God wants you to use the skills that God has given to you.  God wants you to be happy as you love and serve and praise Him and as you love and serve your neighbor.  Thus Frederich Buechner has opined that "the place God calls you to is the place where your deep gladness and the world's deep hunger meet."

I feel joy here.  It may very well be that I feel this buoyancy here because I am being who and what God wants me to be.  I hope that I am always submitting to, and living as fully as I can, the truth of who and what God has always intended me to be.  My Lord and my God, not my will be done, but Your will be done.  Amen.  

Friday, August 21, 2015

Heaven Right Now

Over the last couple of days I traveled up to the Monterey area and the peninsula in the San Francisco Bay Area with one of the monks from here for a couple of doctor's appointments.  We stayed overnight in the Bay Area.  I got to go back to Casa de Clara, that is, the San Jose Catholic Worker House, where I lived and worked in the latter half of last year.  I so enjoyed spending time with my friends, the Catholic Workers and the guests to whom they minister, there.  That night I visited, one of the women who used to live there as a guest, who since has moved out into her own place, was celebrating one year being clean from drugs and sober from alcohol.  In joyous commemoration of her recovery, we celebrated with a barbeque in the back yard.
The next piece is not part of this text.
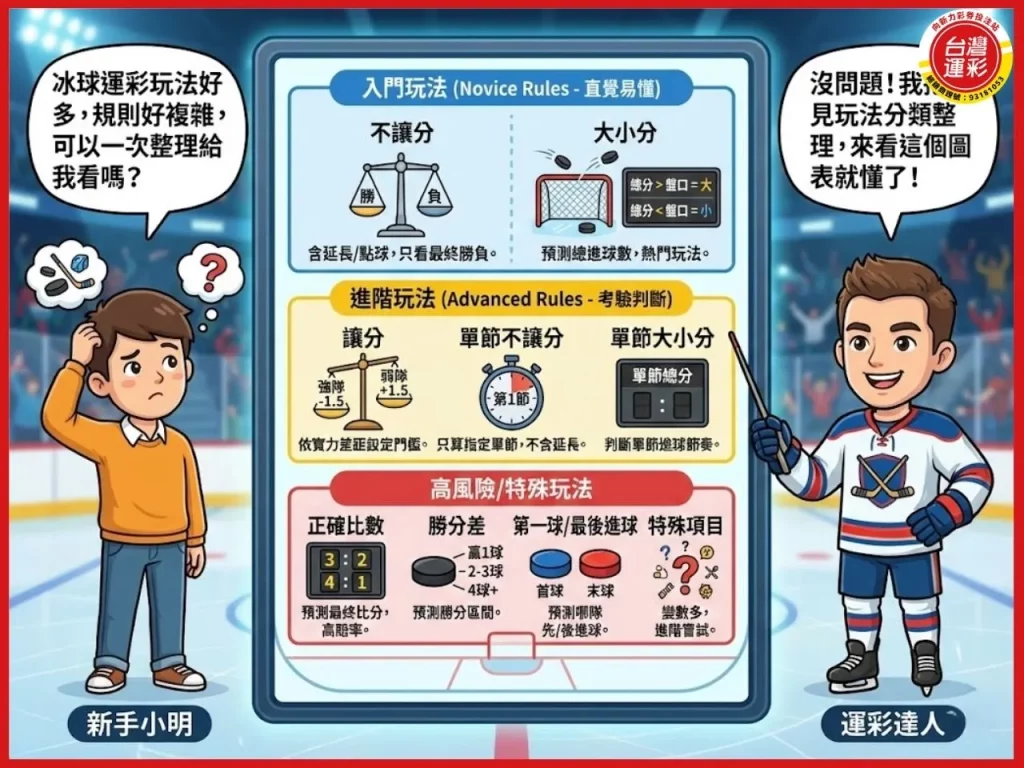 冰球運彩 運彩冰球延長賽算嗎 冰球運彩規則 運彩冰球和局 運彩冰球規則 運彩延長賽算嗎 nhl冰球分析 運彩冰球不讓分平手 運彩冰球 向新力運彩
Yesterday, on the way back to the hermitage, my traveling companion the monk and I stopped in Carmel for malted milkshakes.  As we sat on a bench outside enjoying our malts, some men we had never met were walking past us.  One of them greeted us.

"Hi, guys."

"Hello," I responded.

"Does it get any better than this?" he asked.

"No, it doesn't," I replied.

"You're right: it doesn't get better than this," he agreed.

"I like his attitude," I later shared with the monk sitting next to me.

"Me too."

We shape our experience.  Heaven can be right now if we want it to be.